Think-aloud protocols have previously been used to assess the development of learners’ strategy use during learning (e.g., Moos and Azevedo 2008). Think-aloud protocols are a way to trace learners’ behavior during learning but depend on learners’ utterances during learning. Further, learners often need to be trained to think aloud. Additional process data could have been collected like physiological measures or video analyses, that help to triangulate the cognitive, metacognitive, motivational and even emotional processes while self-regulating (Järvelä et al. 2019). An alternative when using computer-based learning scenarios might be variables of learners’ navigation behavior (e.g., sequence of the visited pages, time on relevant pages; e.g. Bannert et al. 2015). While such log-file data represent an objective measure of learners` navigation behavior, findings regarding the interpretation of such data are inconsistent. Pieger and Bannert (2018) and Astleitner (1997), for instance, regard non-linear navigation (e.g., page-changes form page 1 to page 4) compared to linear-navigation (e.g., changes from page 1 to 2) as an indication for enactive self-regulation, since it is suggested that learners reflect upon the selection of nodes. However, Jeske et al. (2014) as well as Greene and Azevedo (2007) regard excessive non-linear navigation as an indication of poor self-regulation.

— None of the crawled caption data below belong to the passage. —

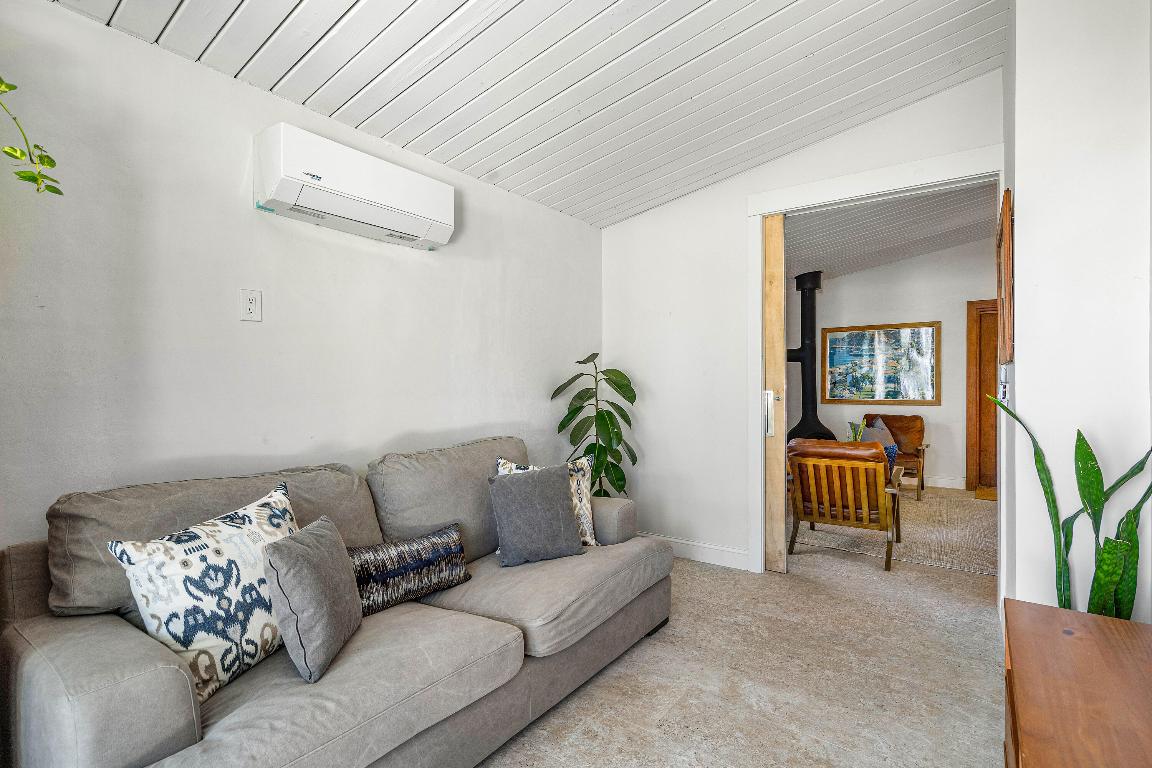 363 Glouchester Street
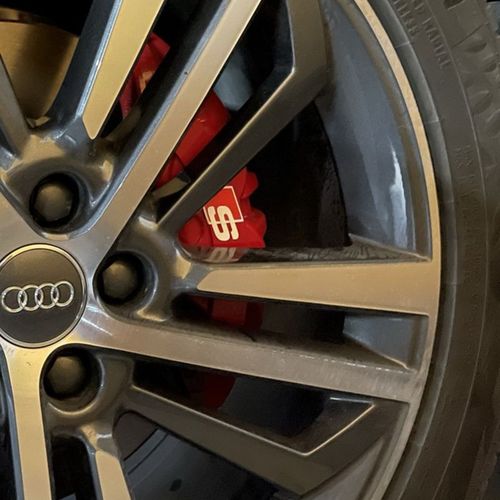 奥迪s刹车卡钳贴纸改装标 audi卡钳s line标红色贴纸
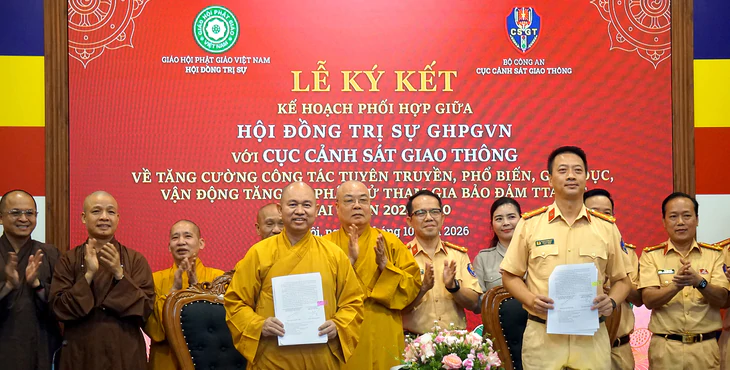 Mỗi tỉnh, thành phố xây dựng tối thiểu 3 mô hình ‘Chùa an toàn giao thông’ - Ảnh 2.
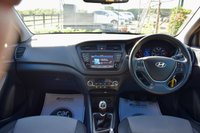 USED 2017 17 HYUNDAI I20 1.0 T-GDi Premium Nav Hatchback 5dr Petrol Manual Euro 6 (s/s) (100 ps) 2 OWNERS, NEW MOT, 8 SERVICES! SAT NAV, R/CAMERA, DAB, BLUETOOTH!
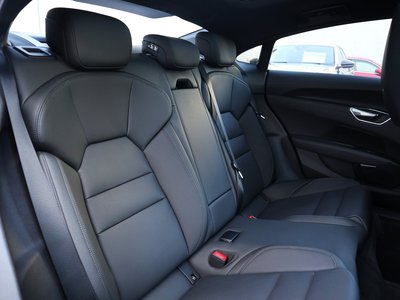 صورة مصغرة 36 لـ 2024 AUDI E-TRON GT QUATTRO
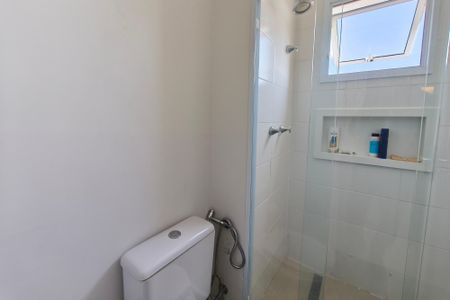 Apartamento à venda com 80m², 2 quartos e 1 vaga Apartamento à venda com 80m², 2 quartos e 1 vagaBanheiro Suíte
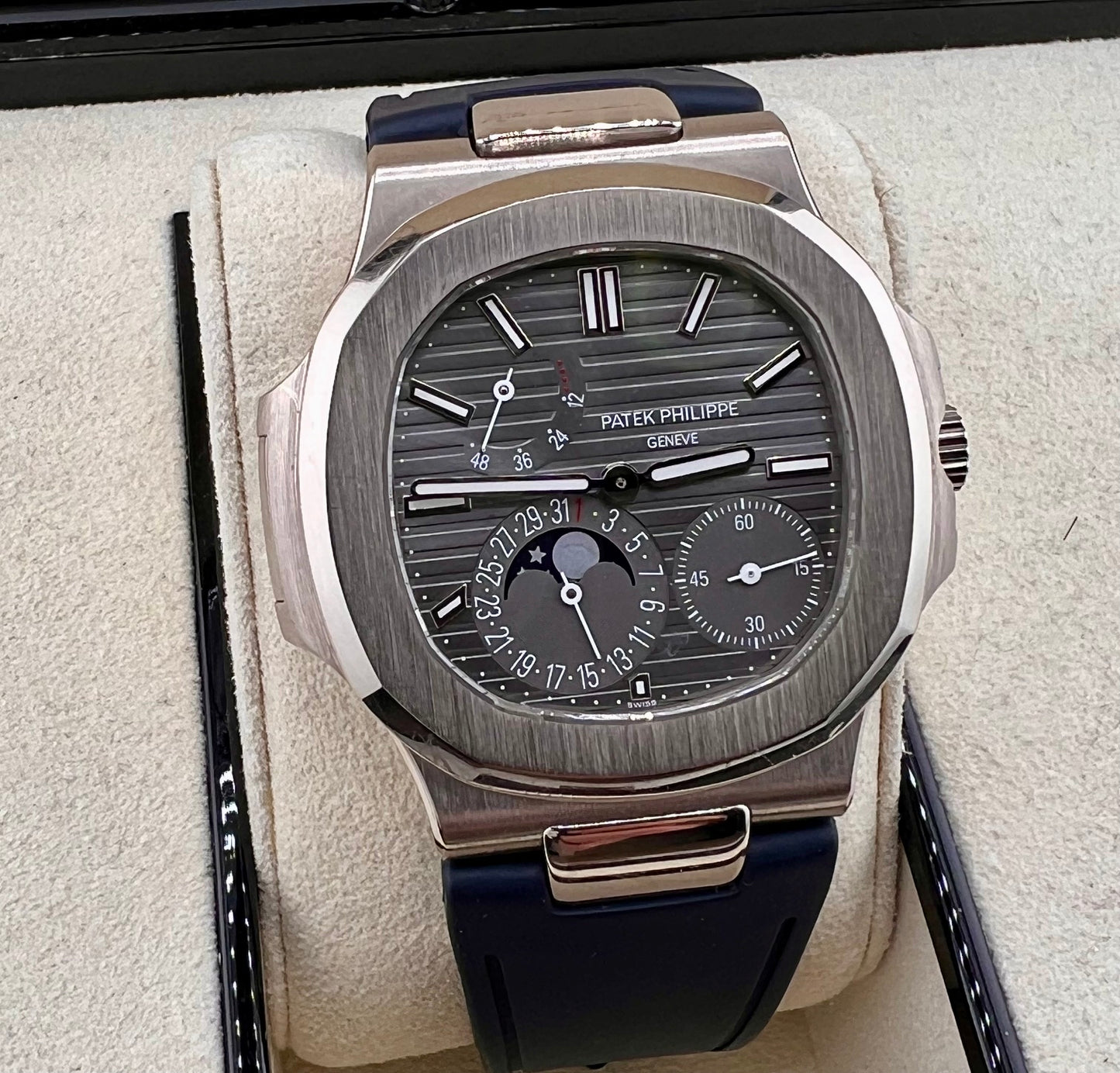 Patek Philippe Nautilus 5712G full set 2015 White Gold
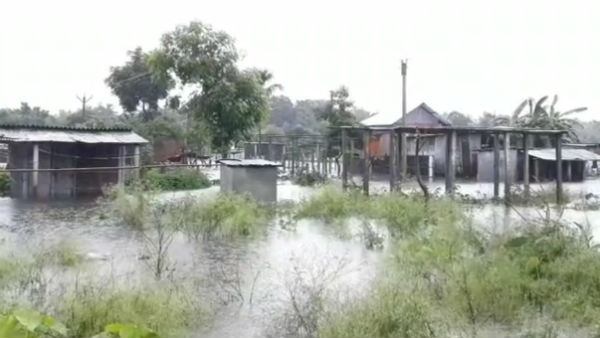 তিস্তায় বাড়ছে জলস্তর! লাল সতর্কতা জারি তিস্তায় বাড়ছে জলস্তর! লাল সতর্কতা জারি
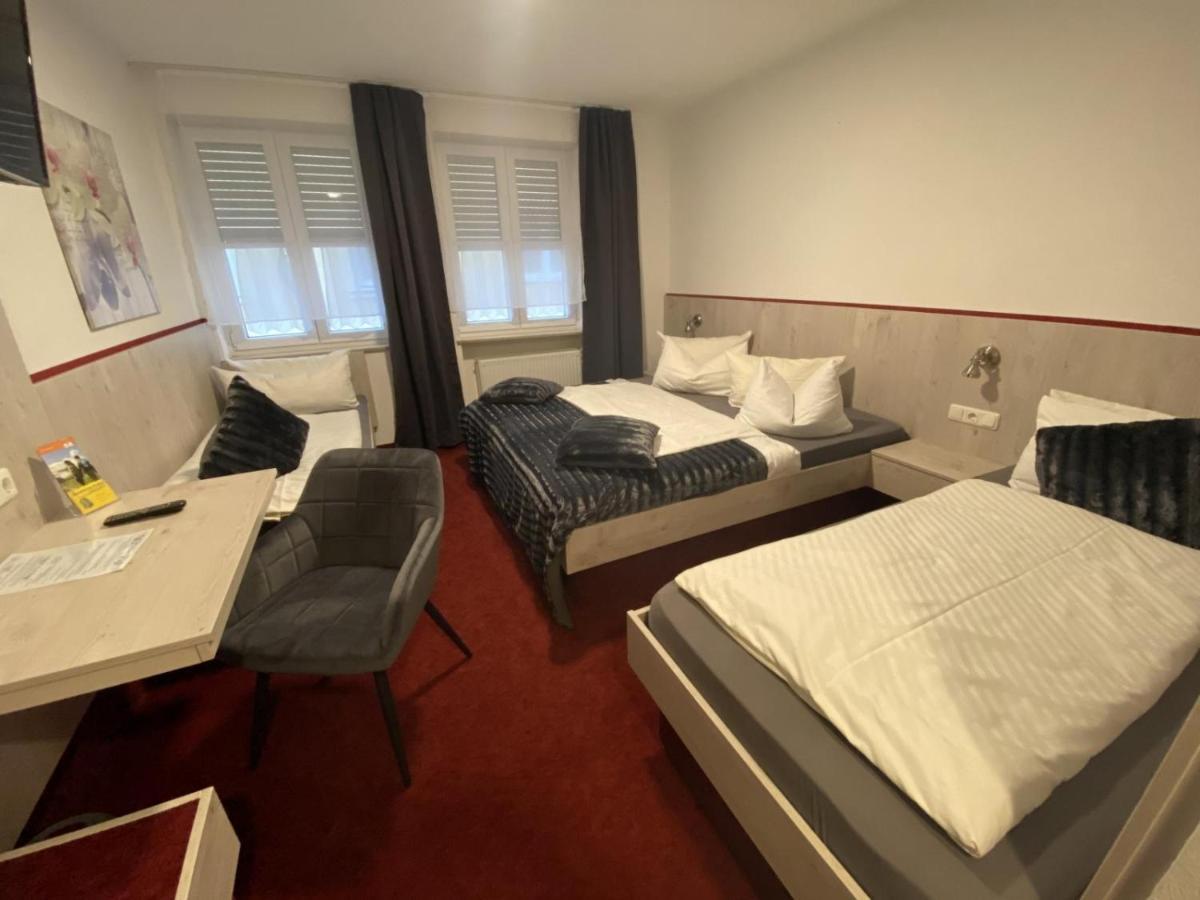 Hotel Wilder Mann Фойхтванген Экстерьер фото
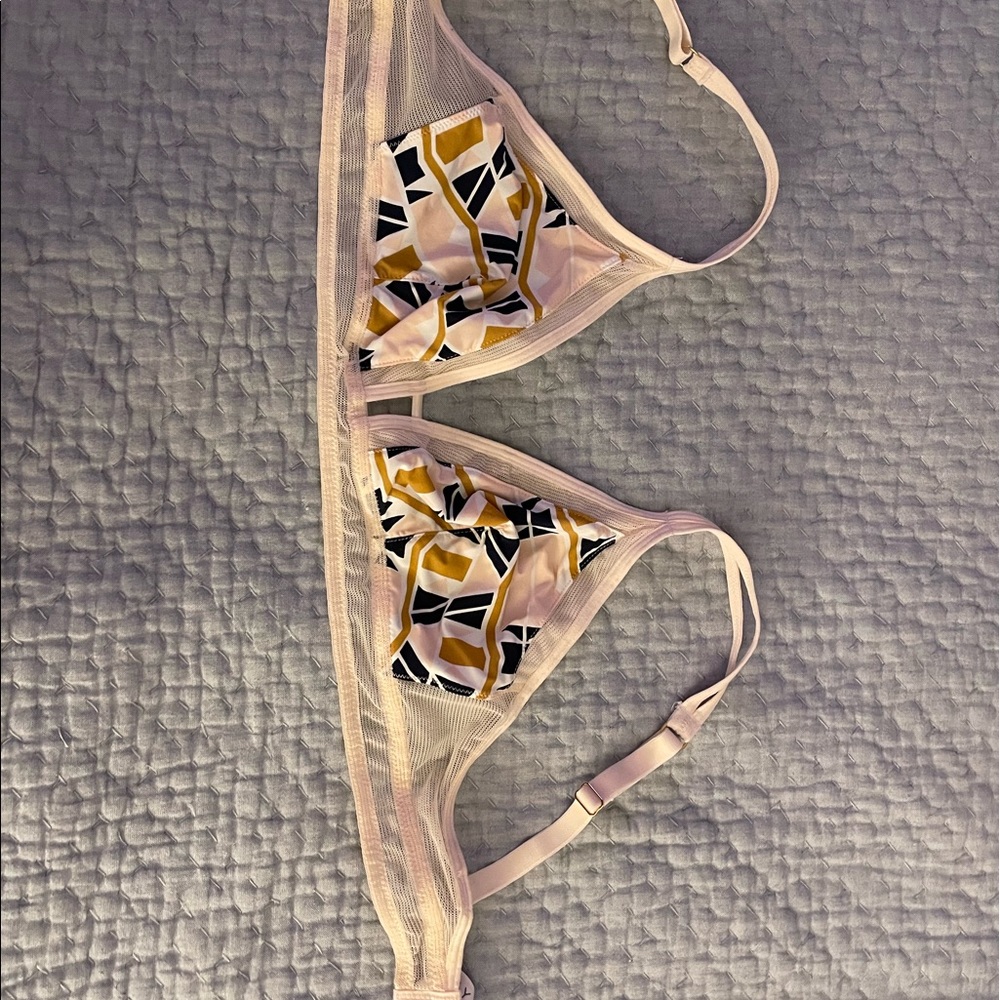 Wireless bra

Thus, in order to interpret such log-file data, information from learners on why they change pages and what they do (strategy use) during the page visit are needed. The findings of this study suggest that more research is needed that investigates self-regulation processes during learning with different objective measures to fully understand how learners interact with instructional support.

Conclusion

In sum, the study investigated the effects of prompts on strategy use, learning outcomes and self-efficacy. Further, the interaction effects of self-efficacy and prompts were investigated. Although this study represents a unique contribution, the results highlight the importance of investigating interactions between instructional interventions and motivational variables during learning over a longer period of time. The results should motivate future researchers to investigate self-regulation as a process with instruments that are sensitive to identify changes in learners’ strategy use and / or motivation.